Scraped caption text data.
[Start of Attachment]

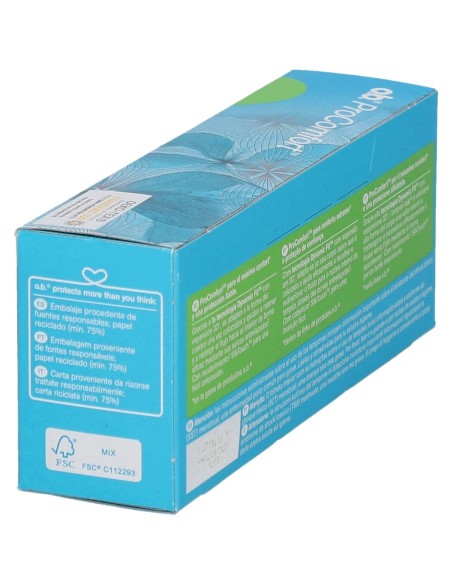 OB SUPER PLUS PRO COMFORT 16PZ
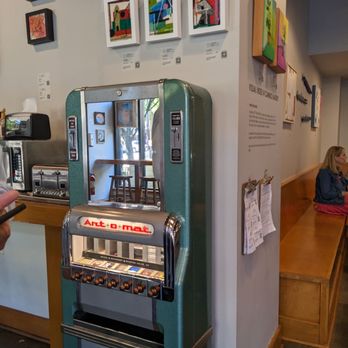 Camino Bakery - Coffee & Tea Near Me - Winston-Salem, North Carolina Camino Bakery - Coffee & Tea Near Me - Winston-Salem, North Carolina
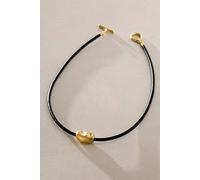 Premium Plated Lonely Hearts Necklace at Free People in Gold - female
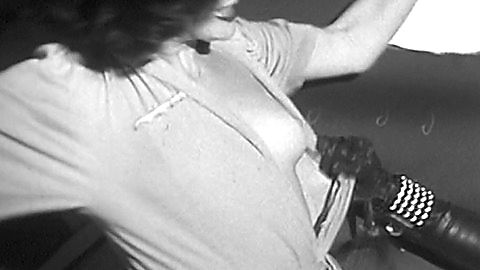 Pic: Marie-Pascale Elfman in Forbidden Zone (1980)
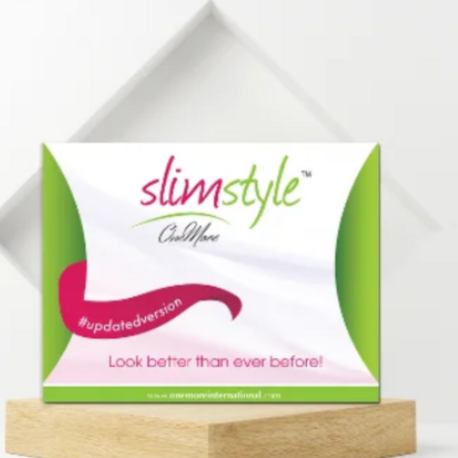 One More Slim Style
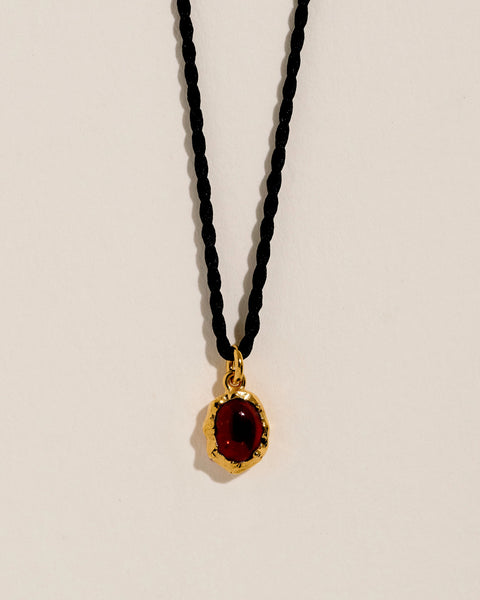 January Ovalado Pendant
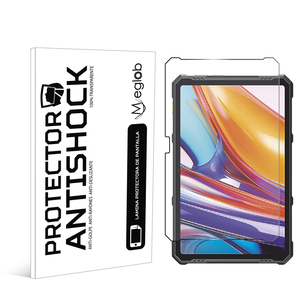 ฟิล์มกันรอยหน้าจอสำหรับอูเลโฟน อาร์เมอร์แพด 3 โปร - Product Image 1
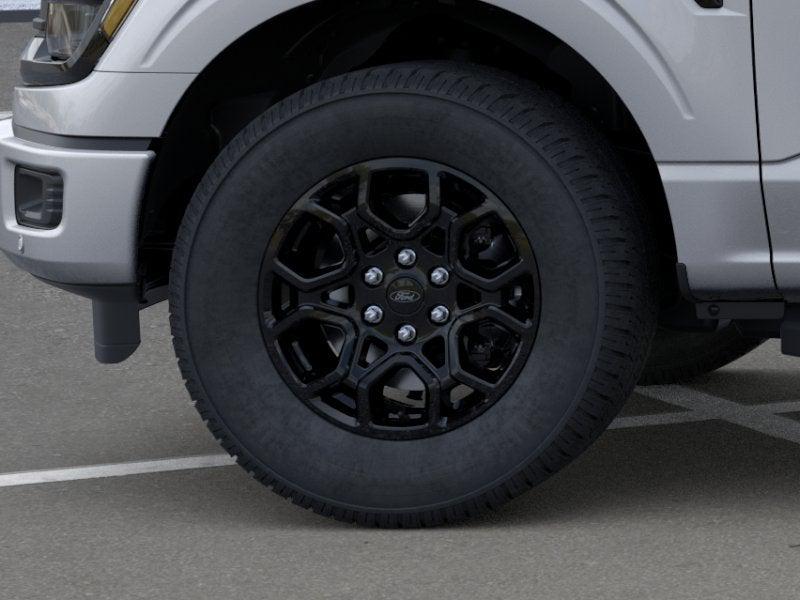 2026 FORD F-150 XLT — миниатюра 19
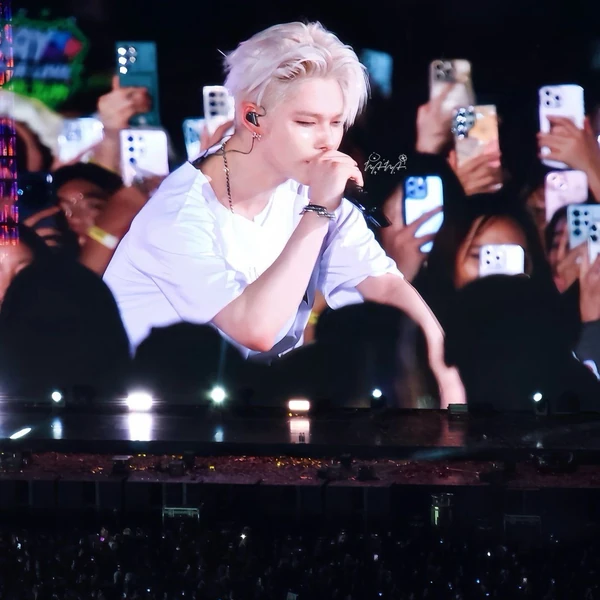 니키 (ENHYPEN) 팬심 가득한 인기 사진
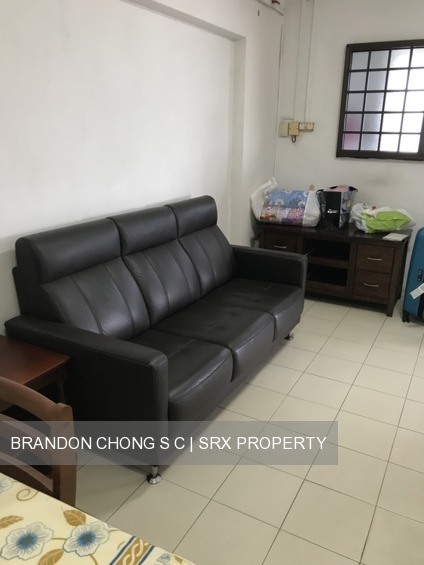Blk 669 Hougang Avenue 8 (Hougang), HDB 3 Rooms #177760702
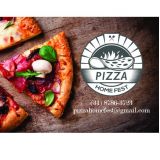Pizza Home Fest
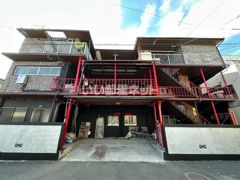 ビフレスト三笠の外観画像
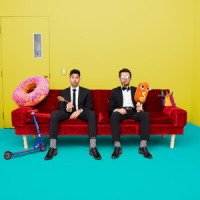 Make It Last_Crash Adams,Rafaele Massarelli,Vincenzo Sasso
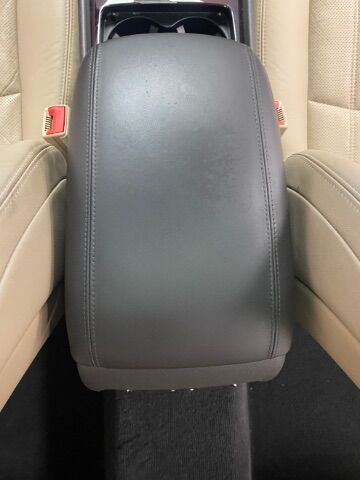 2012 Hyundai Equus Signature Charlotte NC
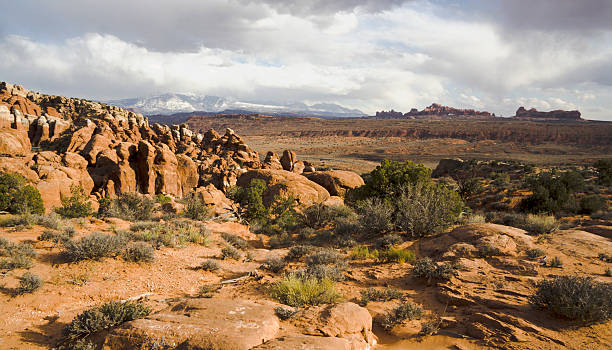 istock Fiery Furnace and Surroundings 144332715
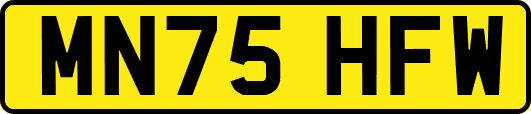 MN75HFW
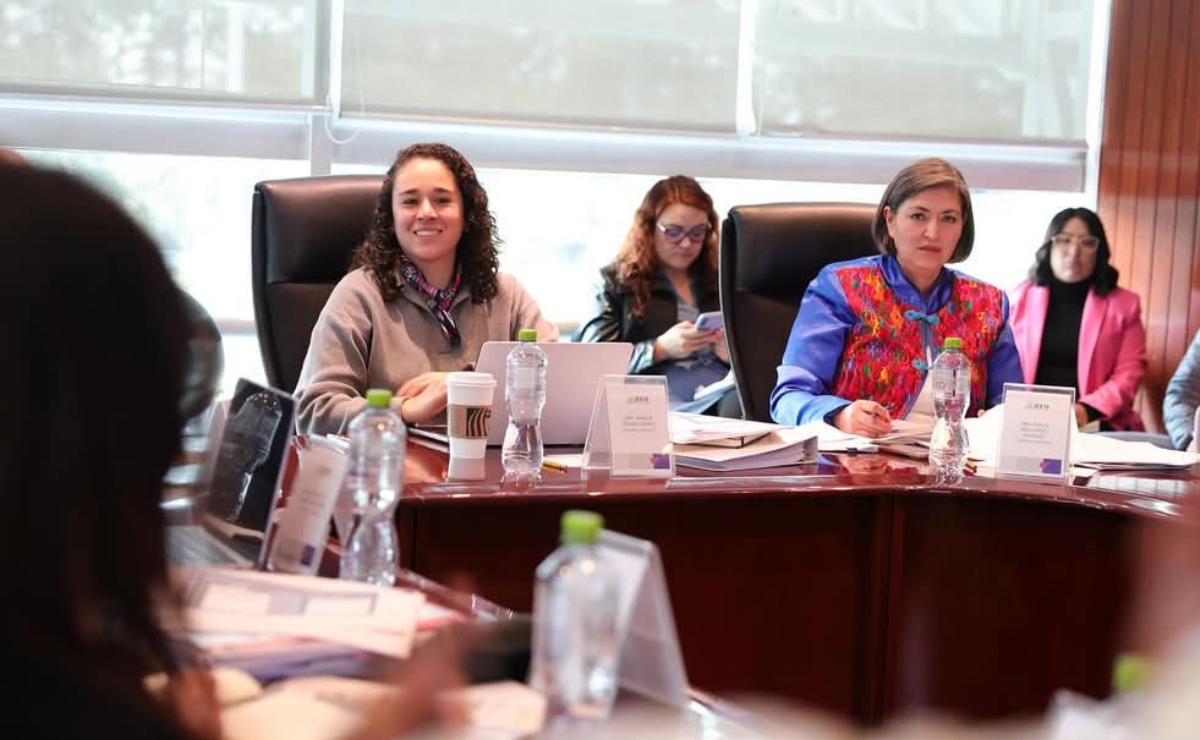 “Conóceles” IEEM lanza plataforma para conocer a aspirantes y jueces en Edomex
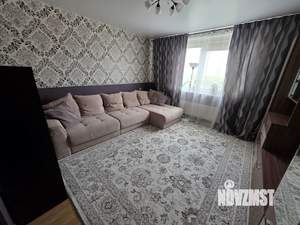2-к квартира, вторичка, 58м2, 6/12 этаж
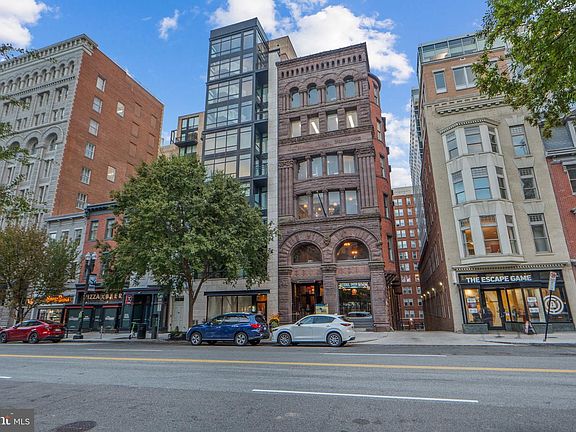 2nd image of 912 F St NW APT 508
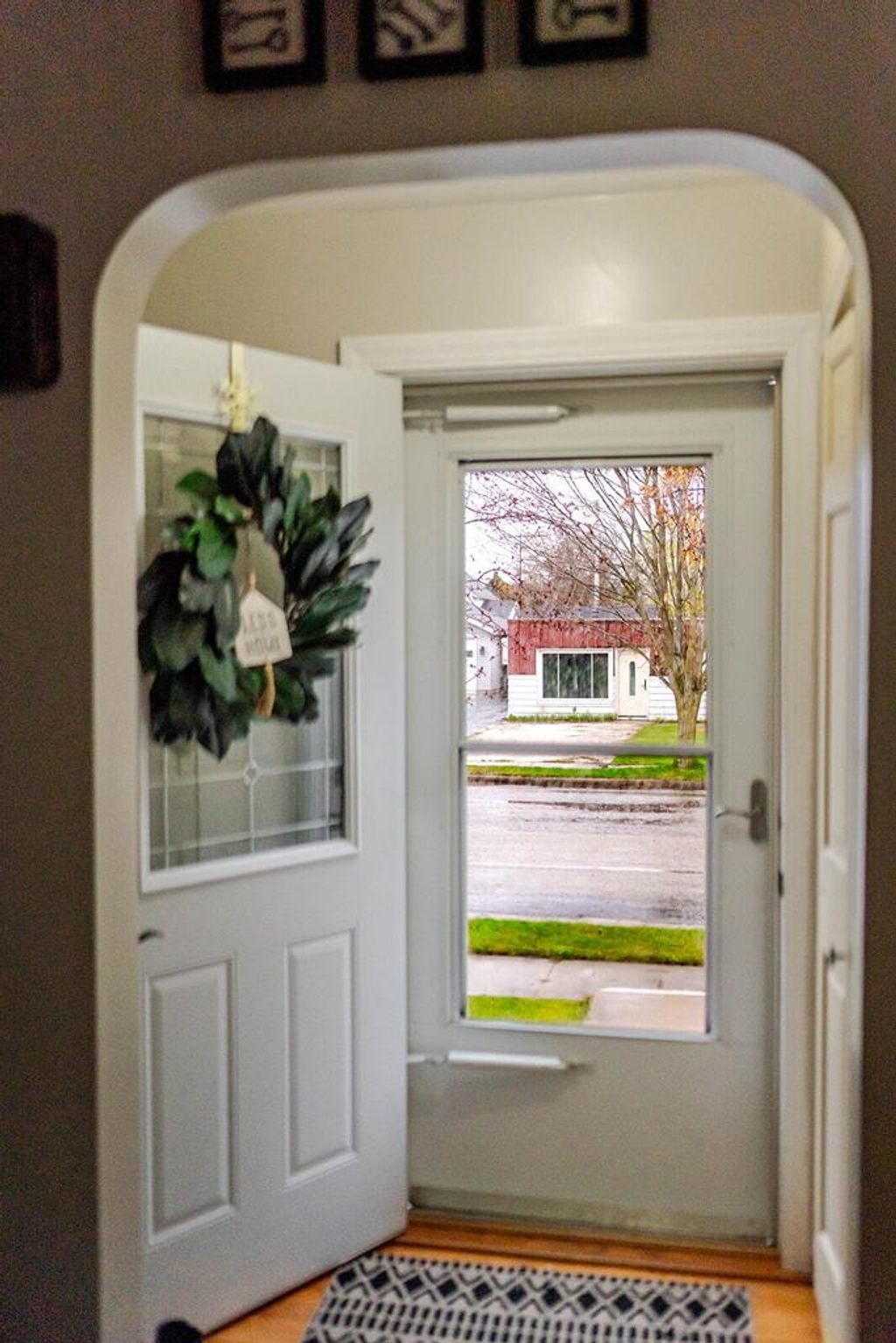 Photo of 509 Jackson STREET, Mishicot, WI 54228 (MLS # 1960885)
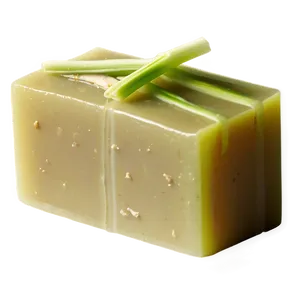 Lemongrass Soap Png Kfq PNG image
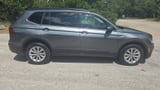 2018 Volkswagen Tiguan - Preview 6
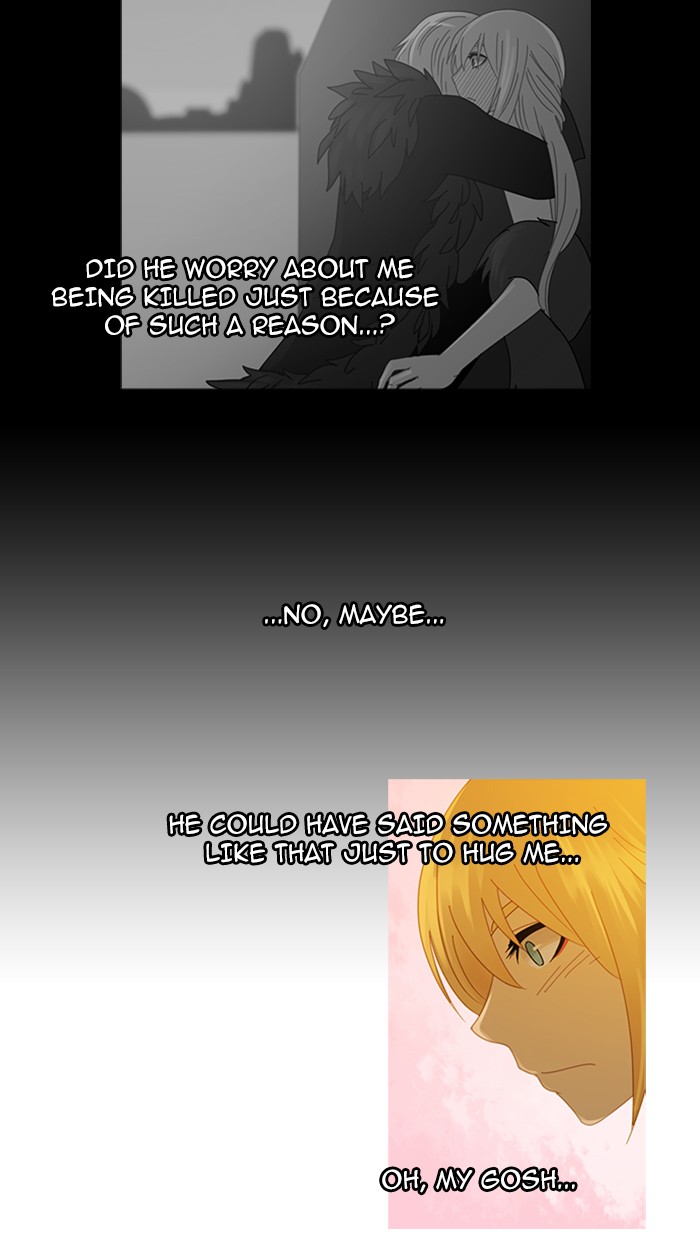 Read Kubera chapter 94.3 image 34 on Lezhin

[End of Attachment]

Task details. With pictures left out, repeat exactly the lines from the line bearing "2nd image of 912 F St NW APT 508" through the final line of the records above.

Solved exercise.
 2nd image of 912 F St NW APT 508
 Photo of 509 Jackson STREET, Mishicot, WI 54228 (MLS # 1960885)
 Lemongrass Soap Png Kfq PNG image
 2018 Volkswagen Tiguan - Preview 6
 Read Kubera chapter 94.3 image 34 on Lezhin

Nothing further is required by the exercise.